Haritalar her yerde, biliyorsunuz değil mi? İçinde doğup büyüdüğüm kerpiç ev 1920’lerde inşa edilmişti, çatlakların haritalarıyla ilk o evde tanıştım. İlkin var olan çatlaklar yetiyordu bana, sonra sonra büyüdükçe hikâyeler işlemeye başladım onların izlerini takip ederken. Yemek yerken ya da oyun oynarken onları izlemek yetmedi, çatlak takibinin kendisi başlı başına bir iş oldu. Bir gün işin içine tükenmez kalem de girdi. Sıvanın bölünmeye çalıştığı her iz bir kaçış rotasıydı, kendi yaptığım hücrelerden birkaç tel saç çizdiğim kafalar kaçırmaya çalışırdım. Yolun sonu başka bir hücreyle biterdi ama olsun, henüz 5 yaşındaydım. “Ellemeyin çocuğa, çizsin; nasılsa bu yaza boyanacak” derdi babaannem. Hiçbir yaz boyamadık kerpiç evimizi; zaten 10 yaz sonra da kerpiçler toprağa karıştı, üzerine katlar çıkıldı. Kerpiç ev, kerpiç sıva. Bazı çocuklar kerpici tırnaklarıyla kaldırıp yerlerdi, sizin mahallede yoktur belki o çocuklardan. Demir eksikliğindenmiş derler, toprak yiyenleri de görülür.
Ümit Burnu’nu tutuyordum hala çatlağın haritasında, gezginlere fırtınalar çıkarıyordum duvara attığım delici bakışlarla, 32 yaşındayım artık. Geçerlerse sömürünün bin türlüsünü keşif diye yazacak tarih kitapları sonra. No pasaran! Bu duvar tuğla duvar; sıvalar öyle dökülmüş ki ateş tuğlalarının eğri büğrü yüzleri çıkmış ortaya. Onlar da toprak. Hava olmasa ateş yanmasa pişmeyecekler, tuğlaya dönüşmeyecekler.
Kırmızılar bordolar seçiyor gözüm, yürüyorum; denizden denizden esiyor lodos.
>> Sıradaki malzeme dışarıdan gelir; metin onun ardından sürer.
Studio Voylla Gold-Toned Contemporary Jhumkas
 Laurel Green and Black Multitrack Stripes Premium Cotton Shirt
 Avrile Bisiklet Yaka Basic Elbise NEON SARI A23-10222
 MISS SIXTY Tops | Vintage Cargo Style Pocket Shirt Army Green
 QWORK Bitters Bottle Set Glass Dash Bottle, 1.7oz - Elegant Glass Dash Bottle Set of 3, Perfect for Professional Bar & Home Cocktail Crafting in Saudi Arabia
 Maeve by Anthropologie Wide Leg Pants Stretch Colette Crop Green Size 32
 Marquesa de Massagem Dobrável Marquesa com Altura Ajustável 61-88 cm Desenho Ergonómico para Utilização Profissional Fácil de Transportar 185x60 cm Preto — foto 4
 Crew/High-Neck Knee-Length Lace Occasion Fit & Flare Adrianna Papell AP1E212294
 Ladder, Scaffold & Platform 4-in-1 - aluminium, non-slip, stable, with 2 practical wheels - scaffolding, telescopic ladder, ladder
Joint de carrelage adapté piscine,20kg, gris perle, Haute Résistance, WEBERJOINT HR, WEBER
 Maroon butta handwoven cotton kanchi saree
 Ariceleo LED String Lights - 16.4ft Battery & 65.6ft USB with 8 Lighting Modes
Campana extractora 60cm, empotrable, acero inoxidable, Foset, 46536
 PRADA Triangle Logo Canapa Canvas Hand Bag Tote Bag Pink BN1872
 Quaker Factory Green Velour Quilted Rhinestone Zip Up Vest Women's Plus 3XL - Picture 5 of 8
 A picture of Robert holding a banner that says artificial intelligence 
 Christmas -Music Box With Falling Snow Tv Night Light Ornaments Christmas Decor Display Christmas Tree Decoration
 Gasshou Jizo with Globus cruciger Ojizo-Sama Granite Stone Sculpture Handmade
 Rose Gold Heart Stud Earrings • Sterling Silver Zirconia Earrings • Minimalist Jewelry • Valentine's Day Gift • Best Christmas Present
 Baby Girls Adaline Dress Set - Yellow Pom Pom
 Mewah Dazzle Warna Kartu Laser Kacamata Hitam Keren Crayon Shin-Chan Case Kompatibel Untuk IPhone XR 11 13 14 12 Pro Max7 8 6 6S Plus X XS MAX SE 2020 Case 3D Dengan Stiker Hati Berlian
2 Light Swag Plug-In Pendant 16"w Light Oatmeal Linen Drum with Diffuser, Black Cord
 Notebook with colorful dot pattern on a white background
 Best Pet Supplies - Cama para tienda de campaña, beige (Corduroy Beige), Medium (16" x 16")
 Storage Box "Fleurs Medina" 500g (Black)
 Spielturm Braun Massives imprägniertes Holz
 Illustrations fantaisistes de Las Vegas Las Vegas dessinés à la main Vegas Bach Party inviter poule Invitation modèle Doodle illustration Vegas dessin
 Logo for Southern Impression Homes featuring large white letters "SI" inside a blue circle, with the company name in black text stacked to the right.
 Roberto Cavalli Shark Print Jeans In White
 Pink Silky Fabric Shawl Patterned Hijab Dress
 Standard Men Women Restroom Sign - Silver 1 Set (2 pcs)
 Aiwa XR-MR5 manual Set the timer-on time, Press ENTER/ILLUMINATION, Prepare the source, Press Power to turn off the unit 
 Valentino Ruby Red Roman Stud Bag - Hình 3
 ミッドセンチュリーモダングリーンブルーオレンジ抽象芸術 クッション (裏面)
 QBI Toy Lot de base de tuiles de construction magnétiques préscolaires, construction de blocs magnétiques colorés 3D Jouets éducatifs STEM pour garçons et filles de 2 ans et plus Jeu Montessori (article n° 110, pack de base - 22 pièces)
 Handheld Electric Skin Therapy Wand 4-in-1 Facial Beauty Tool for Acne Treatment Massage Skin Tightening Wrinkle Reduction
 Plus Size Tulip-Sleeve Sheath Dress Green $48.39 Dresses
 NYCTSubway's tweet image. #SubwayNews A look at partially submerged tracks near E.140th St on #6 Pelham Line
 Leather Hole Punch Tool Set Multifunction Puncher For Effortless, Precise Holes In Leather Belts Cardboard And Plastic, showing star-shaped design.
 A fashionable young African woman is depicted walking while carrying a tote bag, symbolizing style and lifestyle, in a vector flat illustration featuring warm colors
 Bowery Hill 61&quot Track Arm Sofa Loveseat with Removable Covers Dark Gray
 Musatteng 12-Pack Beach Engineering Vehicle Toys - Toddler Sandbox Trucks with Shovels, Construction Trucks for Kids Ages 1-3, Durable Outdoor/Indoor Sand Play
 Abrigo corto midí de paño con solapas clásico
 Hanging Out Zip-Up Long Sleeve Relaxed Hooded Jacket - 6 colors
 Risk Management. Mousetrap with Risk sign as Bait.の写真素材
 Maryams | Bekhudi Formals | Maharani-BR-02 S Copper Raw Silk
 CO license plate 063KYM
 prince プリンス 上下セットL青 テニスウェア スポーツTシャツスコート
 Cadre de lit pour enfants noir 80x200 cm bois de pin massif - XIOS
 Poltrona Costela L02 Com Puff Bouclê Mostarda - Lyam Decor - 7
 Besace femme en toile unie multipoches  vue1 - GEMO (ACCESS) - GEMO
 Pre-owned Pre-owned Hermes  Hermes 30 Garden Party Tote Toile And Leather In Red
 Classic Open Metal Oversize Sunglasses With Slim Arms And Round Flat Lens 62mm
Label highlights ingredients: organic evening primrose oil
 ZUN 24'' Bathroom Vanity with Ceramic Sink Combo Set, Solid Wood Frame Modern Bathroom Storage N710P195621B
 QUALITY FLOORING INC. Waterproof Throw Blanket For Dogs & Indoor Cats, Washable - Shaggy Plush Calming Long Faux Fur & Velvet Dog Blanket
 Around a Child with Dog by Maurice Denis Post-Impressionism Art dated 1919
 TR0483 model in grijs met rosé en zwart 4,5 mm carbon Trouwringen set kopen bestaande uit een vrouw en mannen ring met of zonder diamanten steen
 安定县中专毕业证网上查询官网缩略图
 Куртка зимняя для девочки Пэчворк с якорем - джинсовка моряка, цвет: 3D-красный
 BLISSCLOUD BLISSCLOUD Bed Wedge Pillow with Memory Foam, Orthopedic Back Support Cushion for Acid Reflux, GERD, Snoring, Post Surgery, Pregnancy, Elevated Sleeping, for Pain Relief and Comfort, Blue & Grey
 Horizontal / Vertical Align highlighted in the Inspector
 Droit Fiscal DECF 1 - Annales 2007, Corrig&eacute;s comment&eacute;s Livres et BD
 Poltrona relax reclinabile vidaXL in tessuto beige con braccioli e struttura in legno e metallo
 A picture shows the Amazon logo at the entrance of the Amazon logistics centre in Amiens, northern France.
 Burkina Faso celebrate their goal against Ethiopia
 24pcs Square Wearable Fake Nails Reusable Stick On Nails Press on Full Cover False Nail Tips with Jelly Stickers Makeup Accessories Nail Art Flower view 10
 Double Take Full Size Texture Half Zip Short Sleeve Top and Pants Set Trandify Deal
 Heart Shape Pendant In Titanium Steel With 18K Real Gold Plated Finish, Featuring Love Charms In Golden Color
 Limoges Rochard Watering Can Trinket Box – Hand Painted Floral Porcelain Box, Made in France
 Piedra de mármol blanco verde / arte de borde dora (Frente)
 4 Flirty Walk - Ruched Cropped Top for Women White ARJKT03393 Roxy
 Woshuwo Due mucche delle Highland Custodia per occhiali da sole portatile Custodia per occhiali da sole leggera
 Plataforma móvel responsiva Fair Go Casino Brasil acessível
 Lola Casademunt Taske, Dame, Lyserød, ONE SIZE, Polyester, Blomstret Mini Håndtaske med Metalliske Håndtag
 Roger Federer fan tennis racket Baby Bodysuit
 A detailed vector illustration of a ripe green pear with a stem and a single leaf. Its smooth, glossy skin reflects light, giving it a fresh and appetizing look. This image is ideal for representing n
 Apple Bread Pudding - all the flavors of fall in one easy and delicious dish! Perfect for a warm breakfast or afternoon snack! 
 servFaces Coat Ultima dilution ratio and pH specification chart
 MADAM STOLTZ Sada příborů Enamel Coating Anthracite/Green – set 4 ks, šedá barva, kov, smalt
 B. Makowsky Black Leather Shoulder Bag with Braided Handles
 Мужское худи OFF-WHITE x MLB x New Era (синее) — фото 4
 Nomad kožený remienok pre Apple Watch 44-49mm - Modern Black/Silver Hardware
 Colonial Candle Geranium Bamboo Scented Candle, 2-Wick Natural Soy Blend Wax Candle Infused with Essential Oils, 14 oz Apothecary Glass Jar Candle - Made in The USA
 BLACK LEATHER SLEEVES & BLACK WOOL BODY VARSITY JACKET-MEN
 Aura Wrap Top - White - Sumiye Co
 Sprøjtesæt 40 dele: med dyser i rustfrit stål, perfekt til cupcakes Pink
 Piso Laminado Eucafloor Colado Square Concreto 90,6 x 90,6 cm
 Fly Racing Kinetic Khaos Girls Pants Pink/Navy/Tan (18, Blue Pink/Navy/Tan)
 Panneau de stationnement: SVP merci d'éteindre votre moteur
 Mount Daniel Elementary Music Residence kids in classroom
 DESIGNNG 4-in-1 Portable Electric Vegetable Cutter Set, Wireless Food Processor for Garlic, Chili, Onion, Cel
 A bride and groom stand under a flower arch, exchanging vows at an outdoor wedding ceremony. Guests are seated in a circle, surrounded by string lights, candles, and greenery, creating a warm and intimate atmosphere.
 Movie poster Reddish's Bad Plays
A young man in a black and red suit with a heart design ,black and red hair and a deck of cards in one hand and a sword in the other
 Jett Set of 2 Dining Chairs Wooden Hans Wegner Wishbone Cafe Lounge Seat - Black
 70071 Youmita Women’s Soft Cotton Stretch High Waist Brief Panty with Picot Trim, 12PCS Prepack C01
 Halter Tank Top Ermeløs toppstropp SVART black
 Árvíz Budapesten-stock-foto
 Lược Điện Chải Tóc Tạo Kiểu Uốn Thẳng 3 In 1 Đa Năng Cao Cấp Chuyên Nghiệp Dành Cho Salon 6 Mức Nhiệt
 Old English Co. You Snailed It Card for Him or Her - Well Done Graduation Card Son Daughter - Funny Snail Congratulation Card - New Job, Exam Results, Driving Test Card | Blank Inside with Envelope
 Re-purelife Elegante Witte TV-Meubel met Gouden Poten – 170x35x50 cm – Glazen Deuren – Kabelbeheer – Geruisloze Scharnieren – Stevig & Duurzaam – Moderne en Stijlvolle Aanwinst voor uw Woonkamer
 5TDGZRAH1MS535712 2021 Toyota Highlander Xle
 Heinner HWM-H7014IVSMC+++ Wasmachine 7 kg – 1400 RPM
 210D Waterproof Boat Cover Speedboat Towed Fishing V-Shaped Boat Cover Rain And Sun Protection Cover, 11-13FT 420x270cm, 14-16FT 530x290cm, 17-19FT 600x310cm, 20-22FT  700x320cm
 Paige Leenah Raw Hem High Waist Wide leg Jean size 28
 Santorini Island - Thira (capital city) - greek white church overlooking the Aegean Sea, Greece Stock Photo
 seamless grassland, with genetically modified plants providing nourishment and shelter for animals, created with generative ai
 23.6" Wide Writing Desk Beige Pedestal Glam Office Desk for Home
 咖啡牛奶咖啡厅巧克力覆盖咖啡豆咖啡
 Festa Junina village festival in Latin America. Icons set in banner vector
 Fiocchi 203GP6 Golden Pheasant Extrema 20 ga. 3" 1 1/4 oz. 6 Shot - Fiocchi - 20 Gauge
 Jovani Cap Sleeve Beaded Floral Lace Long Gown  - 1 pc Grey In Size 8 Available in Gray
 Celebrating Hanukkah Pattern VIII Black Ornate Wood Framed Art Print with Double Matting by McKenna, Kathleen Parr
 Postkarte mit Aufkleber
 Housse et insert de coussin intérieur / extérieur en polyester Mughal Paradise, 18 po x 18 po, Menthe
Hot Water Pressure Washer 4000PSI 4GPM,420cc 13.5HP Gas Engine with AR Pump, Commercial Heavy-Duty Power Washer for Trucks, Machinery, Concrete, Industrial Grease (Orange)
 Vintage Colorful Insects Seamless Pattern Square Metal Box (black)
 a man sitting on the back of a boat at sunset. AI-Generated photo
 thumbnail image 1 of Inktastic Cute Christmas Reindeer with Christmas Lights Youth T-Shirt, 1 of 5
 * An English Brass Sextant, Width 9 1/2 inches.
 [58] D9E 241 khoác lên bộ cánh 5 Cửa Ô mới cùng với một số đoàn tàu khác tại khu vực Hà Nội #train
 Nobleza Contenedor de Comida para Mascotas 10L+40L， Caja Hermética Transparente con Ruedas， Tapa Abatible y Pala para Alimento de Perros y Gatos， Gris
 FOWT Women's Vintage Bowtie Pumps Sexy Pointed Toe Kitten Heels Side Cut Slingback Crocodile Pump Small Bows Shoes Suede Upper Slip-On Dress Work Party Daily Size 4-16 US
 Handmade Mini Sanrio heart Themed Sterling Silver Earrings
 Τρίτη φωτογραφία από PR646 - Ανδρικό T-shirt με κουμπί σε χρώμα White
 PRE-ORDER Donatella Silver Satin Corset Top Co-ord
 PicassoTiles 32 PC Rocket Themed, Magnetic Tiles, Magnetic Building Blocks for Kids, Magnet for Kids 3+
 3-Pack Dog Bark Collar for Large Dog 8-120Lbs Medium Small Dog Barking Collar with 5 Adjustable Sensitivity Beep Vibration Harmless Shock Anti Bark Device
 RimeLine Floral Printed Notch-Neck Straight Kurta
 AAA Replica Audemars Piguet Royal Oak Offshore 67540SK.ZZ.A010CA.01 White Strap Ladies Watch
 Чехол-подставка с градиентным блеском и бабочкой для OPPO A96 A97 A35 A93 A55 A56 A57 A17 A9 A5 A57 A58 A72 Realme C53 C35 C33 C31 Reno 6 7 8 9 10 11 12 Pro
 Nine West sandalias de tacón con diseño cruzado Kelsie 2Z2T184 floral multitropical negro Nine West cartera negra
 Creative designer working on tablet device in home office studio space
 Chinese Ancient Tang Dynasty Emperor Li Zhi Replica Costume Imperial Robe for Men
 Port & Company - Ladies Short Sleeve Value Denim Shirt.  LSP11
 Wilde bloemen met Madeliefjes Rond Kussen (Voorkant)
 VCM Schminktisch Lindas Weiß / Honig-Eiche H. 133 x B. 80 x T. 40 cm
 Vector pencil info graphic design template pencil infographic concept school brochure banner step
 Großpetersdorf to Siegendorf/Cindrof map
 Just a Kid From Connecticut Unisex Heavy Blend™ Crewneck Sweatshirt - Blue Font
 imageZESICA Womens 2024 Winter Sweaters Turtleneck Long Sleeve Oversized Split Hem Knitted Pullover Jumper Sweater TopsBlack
Eski olanı sevdim hep, eski olanı salt eski olduğundan sevdim; eskidikçe daha çok sevdim. Hele ki makine kılıflarını… Üçgen alınlıklı atölye cepheleri, testere dişli fabrika çatıları, hepinize aşığım! Tuğla kırmızı, ateş kırmızı, kiremit kırmızı. Çarklar dönmüş, kazanlar kaynamış yıllarca. Sonra bir gün soğumuş kazan dairesi tekrar ısınmayacağını bilmeden, çarkları yağlayan da olmamış bir daha. Makinelerden ses soluk çıkmamış o günden sonra.
“Sessiz olalım, çekim var!”
Sessizlik bozuldu, sessizlik isteyen benim sessizliğimi bozdu. Boş ve büyük binalara bakarken sessizliği terk edilmişlikle ilişkilendirmiştim. Burası henüz yeterince terk edilmemiş. Başka çarklar dönüyor şimdi burada; filmler dönüyor, diziler dönüyor. Karavanlar geliyor, karavanlar gidiyor. Üretim devam ediyor; harabenin nostaljisinden ve kentte hasbelkader ayakta kalmış bu tesisten faydalananlar türlü kayıtlar oluşturuyor. Makinelerin evleri şimdi film endüstrisinin pansiyonlarına dönüşmüş.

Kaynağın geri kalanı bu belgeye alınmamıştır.